**What you have to do:**
Set down exactly the lines of the listing below, please, beginning with the first and ending with the line that holds "Vintage Map of Georgia 1842".
────
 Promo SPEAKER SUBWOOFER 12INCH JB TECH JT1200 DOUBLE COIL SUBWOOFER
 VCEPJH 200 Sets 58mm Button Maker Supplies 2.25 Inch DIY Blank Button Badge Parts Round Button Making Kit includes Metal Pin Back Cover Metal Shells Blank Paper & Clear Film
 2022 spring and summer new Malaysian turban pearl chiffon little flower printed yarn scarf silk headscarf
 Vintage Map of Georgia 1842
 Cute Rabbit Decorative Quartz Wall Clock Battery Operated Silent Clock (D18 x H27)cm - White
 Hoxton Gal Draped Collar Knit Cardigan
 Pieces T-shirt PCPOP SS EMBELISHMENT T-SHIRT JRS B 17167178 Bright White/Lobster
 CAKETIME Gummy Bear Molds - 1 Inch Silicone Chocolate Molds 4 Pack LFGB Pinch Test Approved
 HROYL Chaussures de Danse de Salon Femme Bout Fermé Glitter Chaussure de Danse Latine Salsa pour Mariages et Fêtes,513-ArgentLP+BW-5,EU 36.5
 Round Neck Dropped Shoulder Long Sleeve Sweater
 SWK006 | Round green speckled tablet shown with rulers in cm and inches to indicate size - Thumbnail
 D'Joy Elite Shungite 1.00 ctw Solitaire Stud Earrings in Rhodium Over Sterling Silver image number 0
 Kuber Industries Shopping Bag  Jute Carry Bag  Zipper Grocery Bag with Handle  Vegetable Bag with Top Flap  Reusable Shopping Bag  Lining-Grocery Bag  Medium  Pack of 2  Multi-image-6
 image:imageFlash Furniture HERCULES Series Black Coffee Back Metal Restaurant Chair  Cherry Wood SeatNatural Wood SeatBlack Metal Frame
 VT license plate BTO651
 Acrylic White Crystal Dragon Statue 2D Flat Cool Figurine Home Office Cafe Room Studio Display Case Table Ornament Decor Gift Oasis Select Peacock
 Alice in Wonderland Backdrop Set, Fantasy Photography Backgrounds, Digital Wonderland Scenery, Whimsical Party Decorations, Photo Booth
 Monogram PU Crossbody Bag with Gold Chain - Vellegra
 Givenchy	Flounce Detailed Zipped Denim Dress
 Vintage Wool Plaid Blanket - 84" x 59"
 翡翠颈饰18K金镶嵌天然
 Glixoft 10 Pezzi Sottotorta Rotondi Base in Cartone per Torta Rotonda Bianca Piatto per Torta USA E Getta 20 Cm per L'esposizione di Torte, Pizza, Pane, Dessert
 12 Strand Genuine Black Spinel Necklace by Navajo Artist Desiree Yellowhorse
────
**Answer box:**
 Promo SPEAKER SUBWOOFER 12INCH JB TECH JT1200 DOUBLE COIL SUBWOOFER
 VCEPJH 200 Sets 58mm Button Maker Supplies 2.25 Inch DIY Blank Button Badge Parts Round Button Making Kit includes Metal Pin Back Cover Metal Shells Blank Paper & Clear Film
 2022 spring and summer new Malaysian turban pearl chiffon little flower printed yarn scarf silk headscarf
 Vintage Map of Georgia 1842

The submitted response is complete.